I was in the shower, as I usually am when I do any kind of philosophical thinking, when I came up with this crazy connection between post-modernism and Sarah Palin. Don't expect any of this to answer any questions for you in the end because I certainly don't have the answers but it might provide enough fodder to spend some time on wikipedia searching for the actual definitions of such words as postmodernism, neoconservatism, and feminism. I imagine that last one might not be too tough to figure out the meaning of but in truth it's more complicated than we've been led to believe. (edit: as an added caveat for getting through and reading all of the shit I've just finished spewing on this blagging... there is a joke and punchline at the end. So hold on tight...)

When I first learned about post-modernism I was pissed off because it was, and remains, a difficult word to define. In order to understand what post-modernism means first you need to know what its actually post- to. I've asked a few people how they would define "modern" and the answers were almost entirely "like, something going on today" or "contemporary" or technologically advanced, or something like that. While it's true that a lot of the things we have in our contemporary world would not exist if not for the modern movement, these answers all fall short of the definition. Modern defines an era of thought born through the eighteenth century European Enlightenment where the virtues of reason and science were held as the highest. Modernity meant believing in grand truths and finding them through natural philosophy which became "science" or "knowledge" in the mid nineteenth century. Modernity holds logic and reason to the utmost importance. If there is a question, there is an absolute answer and there is truth. In summary, modernism's goal is to construct a way of thinking that yields truth and aspires to answer the questions we come up with. The goal is to build something. The anti-thesis is post-modernism whose desire is to deconstruct and tear down the world that modernity built. "Whereas modernism was primarily concerned with principles such as identity, unity, authority, and certainty, postmodernism is often associated with difference, plurality, textuality, and skepticism." (wikipedia).

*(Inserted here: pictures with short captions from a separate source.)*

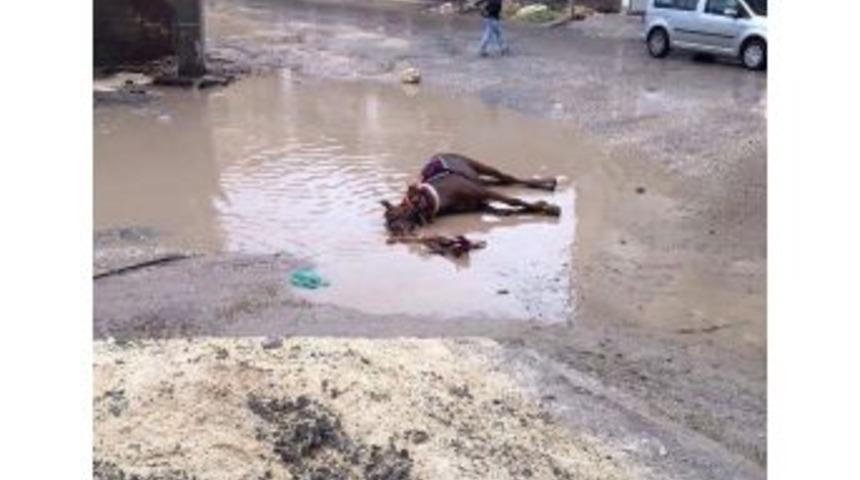 Elektrik Akımına Kapılan At Telef Oldu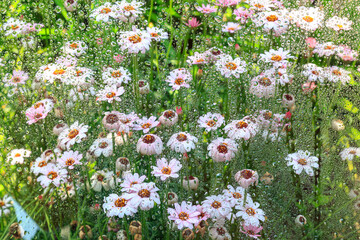 raindrops falling over a glass window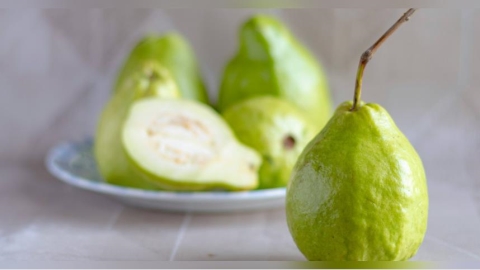 芭樂產量大減!每公斤飆94.9元 農會:12月中旬價格有望回穩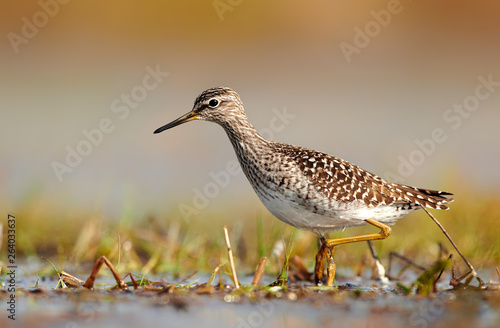 Foto Wood sandpiper (Tringa glareola)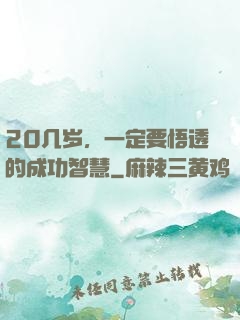 20几岁，一定要悟透的成功智慧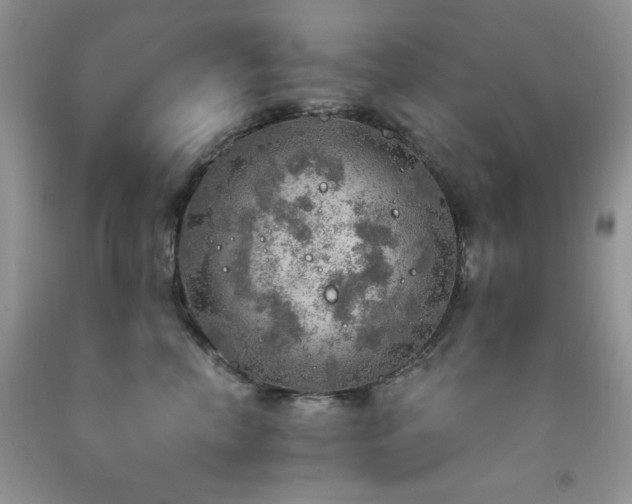 X0000092300666200709141321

Post-modernism has a really broad definition though. It's really difficult to define but if you can think of it at its root... it declares itself as the world after modernism. In fact, it wishes to declare modernism (and even the idea that there is a truth to anything) dead. The idea is that nothing is true or concrete or absolute. In fact, we simply cannot know things but can only speculate and skepticize. (not a word). It's mostly famous for how art works and literature are deconstructed in various ways trying to gain different perspectives on the meanings but never claiming that there is a truth. Post-modernism lends itself to many disciplines such as gender issues such as patriarchy, and colonialism. The biggest problem that I have with post-modernism is that it's like Godzilla. Modernism built something... like Tokyo. It's not perfect but we're working to make it better... and then a big lizard named Godzilla comes along and sets the whole place on fire. What the hell did Godzilla do but leave a burning mess of rubble? To me, that's what post-modernism is.

Not only that, but there is a really cool quotation that I want to share... which is long but really great at defining post modernism:

"When it becomes possible for a people to describe as ‘postmodern’ the décor of a room, the design of a building, the diegesis of a film, the construction of a record, or a ‘scratch’ video, a television commercial, or an arts documentary, or the ‘intertextual’ relations between them, the layout of a page in a fashion magazine or critical journal, an anti-teleological tendency within epistemology, the attack on the ‘metaphysics of presence’, a general attenuation of feeling, the collective chagrin and morbid projections of a post-War generation of baby boomers confronting disillusioned middle-age, the ‘predicament’ of reflexivity, a group of rhetorical tropes, a proliferation of surfaces, a new phase in commodity fetishism, a fascination for images, codes and styles, a process of cultural, political or existential fragmentation and/or crisis, the ‘de-centring’ of the subject, an ‘incredulity towards metanarratives’, the replacement of unitary power axes by a plurality of power/discourse formations, the ‘implosion of meaning’, the collapse of cultural hierarchies, the dread engendered by the threat of nuclear self-destruction, the decline of the university, the functioning and effects of the new miniaturised technologies, broad societal and economic shifts into a ‘media’, ‘consumer’ or ‘multinational’ phase, a sense (depending on who you read) of ‘placelessness’ or the abandonment of placelessness (‘critical regionalism’) or (even) a generalised substitution of spatial for temporal coordinates - when it becomes possible to describe all these things as ‘Postmodern’ (or more simply using a current abbreviation as ‘post’ or ‘very post’) then it’s clear we are in the presence of a buzzword." (Dick Hebdige).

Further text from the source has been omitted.